第5章 附錄(2 / 2)

直到後來我用手裏唯一的樂器--豎笛扒出了一首林俊傑的《一千年以後》,我才知道自己也許真的有些天賦。在那個整日感慨寫詩的年代,一支豎笛給了我無盡的夢。說實話,我在尚未創作音樂之前,是個十分喜歡詩歌的人,曾終日沉浸在五言七律中無法自拔。一本詩集,一根長笛,我靠著它們,寫出了第一首曲子《最後一個夢》。那首歌從沒發表過,高中時代的同學也沒人知道我對於音樂的執著。也許,就是說出,也隻不過是當時枯燥的高三生活的一種娛樂吧。

後來,高考結束了,成績不是很理想,幸好我還有音樂,還有詩歌、理想和我的夢。假期裏,我開始在網絡中自學樂理,畢竟,一支豎笛,終究不能滿足我對音樂脈絡的窺探。也許在那些各大音樂學院的學子們看來是生澀枯燥的樂理,到了我這裏,卻成了必然要攻克的難關。所以,我學得很開心。

再後來,踏上遠去湖南之路,我買了平生第一把吉他。和弦調式和複調總是那麼難以把握,沒有掌握一種真正的西式樂器,創作就會寸步難行。我決定自學。學會的第一首是《丁香花》,四三拍,很感人;之後是《白樺林》,依舊四三拍,很淒涼。

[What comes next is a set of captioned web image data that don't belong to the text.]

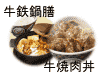 「牛焼肉丼」「牛鉄鍋膳」イメージ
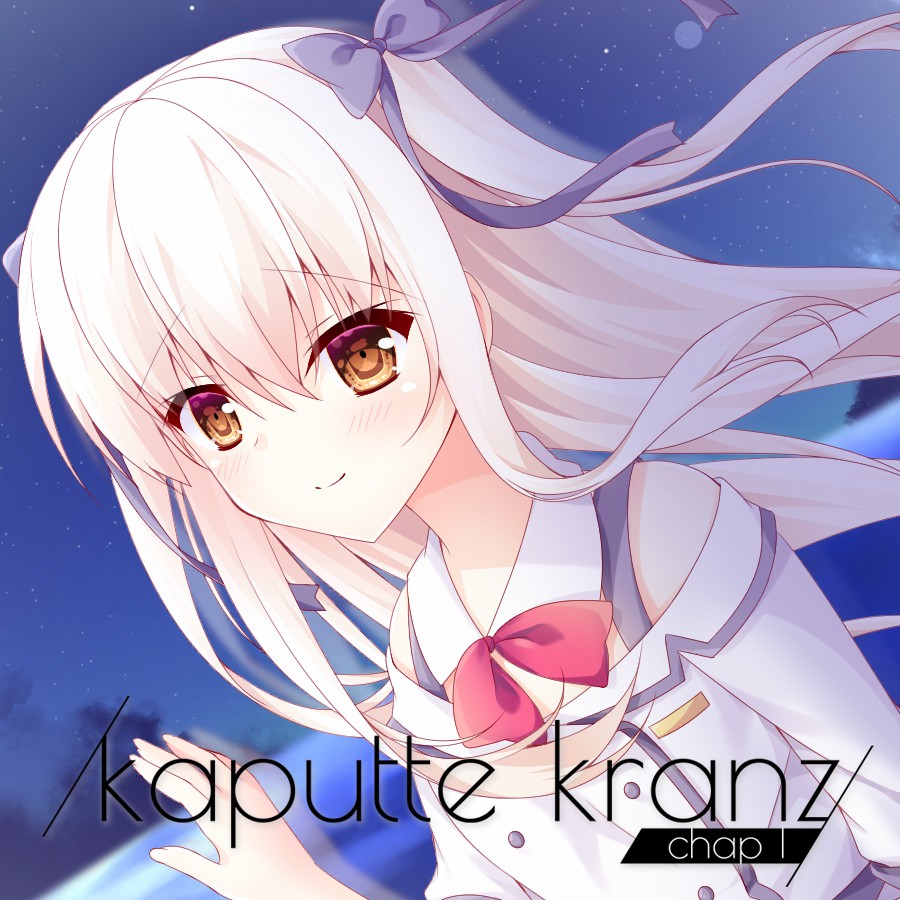 Kaputte Kranz Chap1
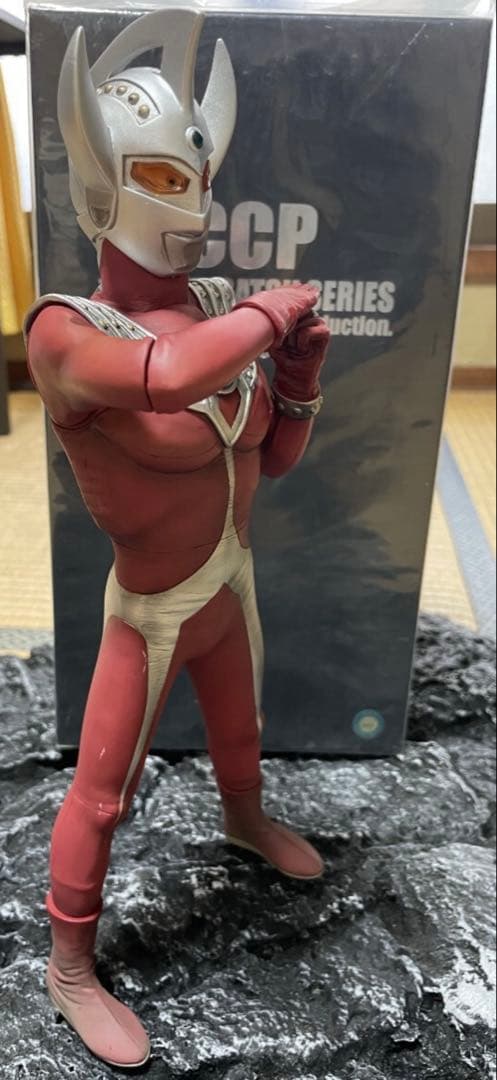 CCP ウルトラタロウ　ハイグレード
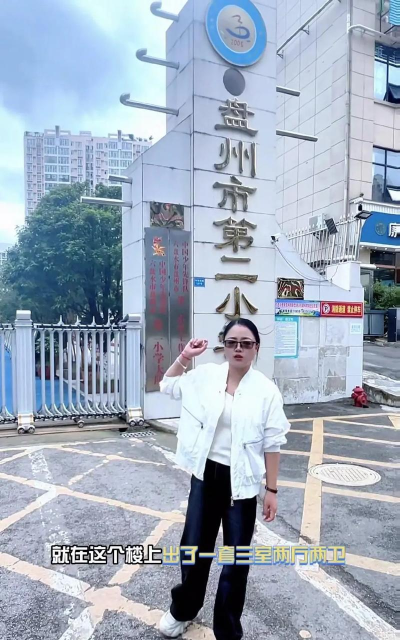 盘县红果第二小学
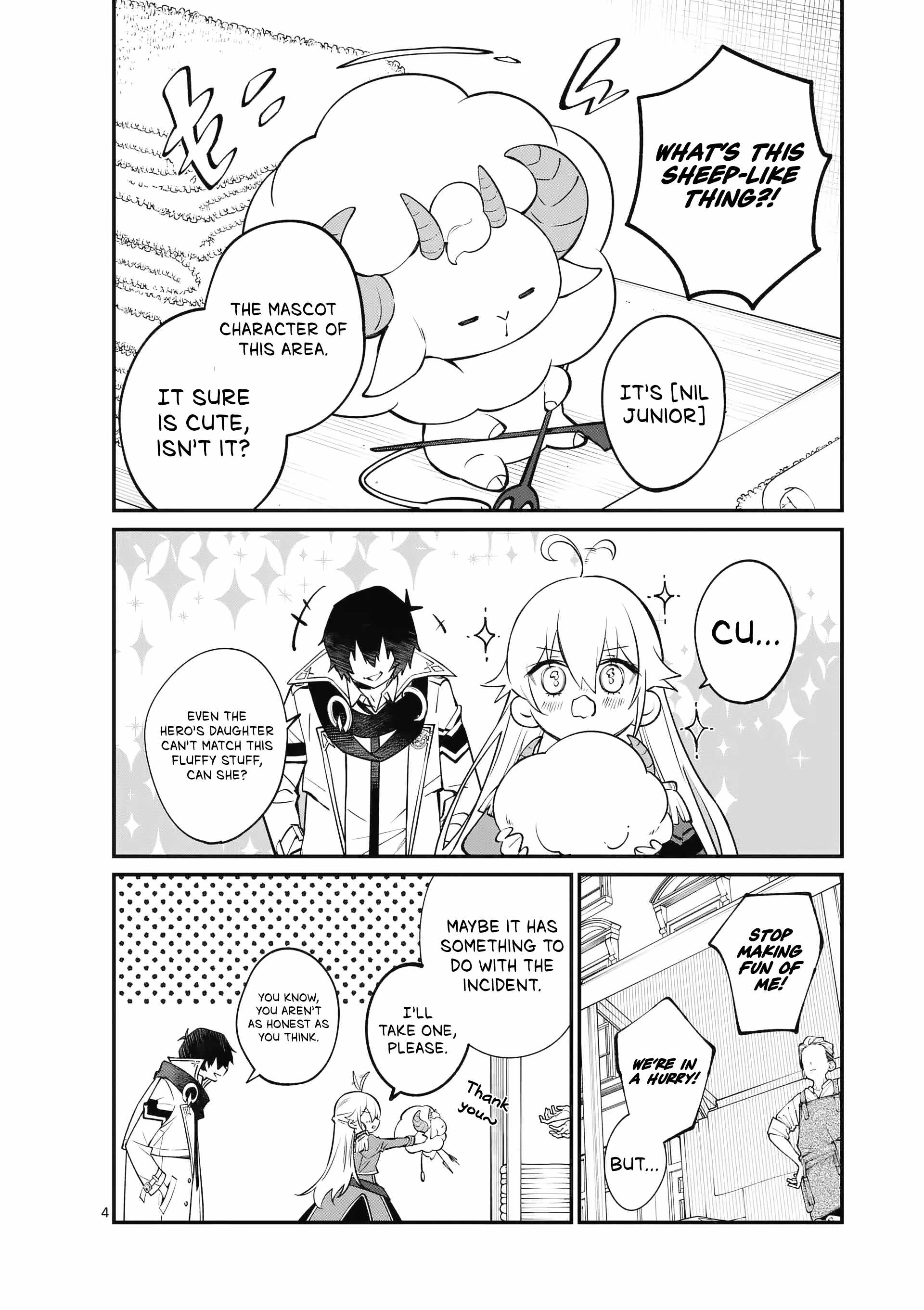 Demon Lord City Chapter 2 - Page 5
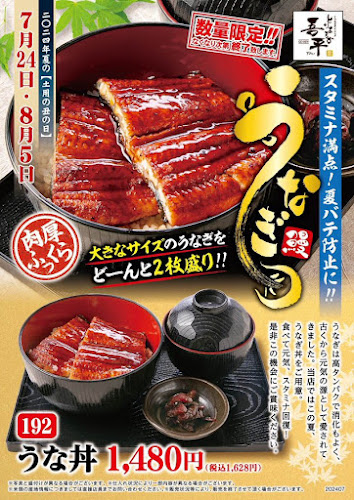 とりあえず吾平 東広島店 - 東広島市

在掃弦中我又學會了節奏型的種種,那時整天都彈,騷擾到不少人,在這裏說聲抱歉。

於是,歲月就在波動的琴弦中緩緩流去。但生命總有無數的奇跡,在網絡世界裏我找到了知己。《仙劍奇俠傳》(四)的發行,讓《回夢遊仙》這首曲子迅速走紅,是千草仙讓我知道了編曲。而在那之前,我甚至不知道編曲的含義。見識編曲以後,我便開始著迷。那是可以給音樂以血肉的東西,沒有它,再好的曲子也隻是一具空白的軀殼。當然,也正是因為千草仙,我才結識到了這個不能錯過的好搭檔--詩人年微漾。

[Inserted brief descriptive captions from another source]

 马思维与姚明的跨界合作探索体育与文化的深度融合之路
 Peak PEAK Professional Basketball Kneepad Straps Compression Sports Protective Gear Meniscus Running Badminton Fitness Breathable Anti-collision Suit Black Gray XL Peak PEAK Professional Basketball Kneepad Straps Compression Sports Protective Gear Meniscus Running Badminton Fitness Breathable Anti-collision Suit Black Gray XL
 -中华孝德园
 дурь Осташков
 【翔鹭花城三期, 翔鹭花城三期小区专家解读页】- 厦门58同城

巧的是當時我看到了千草仙《一克拉的信紙》的編曲,還沒有人唱。於是我好奇地拿了過來,看看歌詞。寫得很動人。又看了看詞作者--年微漾。當時並沒什麼太在意,隻是錄了這首歌。不多久,我又在千草仙的空間上看到一篇日誌,是推薦年微漾的詞集的。當時有三章,分別是《十九夏》、《藍球衣十二號》和《仿佛那年七裏香》。讀的時候,我便想到了方文山。這天馬行空的意象,這似曾相識的畫麵,重新喚起了我創作的欲望。從年微漾的歌詞中,我仿佛讀到了我的音樂,我要找到我和年微漾之間音樂與文字的集結。

打開搜索引擎,填入“年微漾”,第一個就是他的博客。於是下載了他的所有詞集,慢慢體會,尋找靈感。讀到《第一首歌》時,一段旋律立即竄入腦海。我似乎看到了自己從前的時光,於是馬上拿出紙筆,記下旋律。雖然此前,自己在編曲上已是初窺門徑,也發表了一些不太成熟的作品,如《青梅》、《競技天下》、《女子》、《微笑著離開》等,但從《第一首歌》開始,我才開始真正用心去編曲,演繹屬於我和年微漾的音樂。

年微漾是個產量很高的詞作者,而我從《第一首歌》發表之後,音樂創作風格開始蛻變,包括後來的《再見,蒲公英》,愈發讓我認識到自己在編曲、混音上的不足,還需不斷學習。我覺得隻有真正的好詞、好曲、好編曲,才能把我和年微漾真正的音樂感覺帶給大家。我將用所有的音樂細胞去創作這些詞,完美這些句子,才能不留遺憾地銘記我和年微漾之間音樂與文字的交點。我們成立了一個組合--蟲章胥曲,亦即音樂曆程上的重章序曲!

合作的魅力是無限的,我們不是周傑倫和方文山,也成不了他們,但我們會用一顆真心,將最平凡的音樂華麗地展現給喜歡我們的聽眾。

一起走未來的音樂之路!

二〇〇九年八月二十日於湖南湘潭

(胥洋,曾用筆名Smile、古月揚,1987年出生於遼寧省葫蘆島市,畢業於湖南科技大學。軟件工程師,原創音樂人。SCMS原創音樂工作室創立人之一,現居北京。)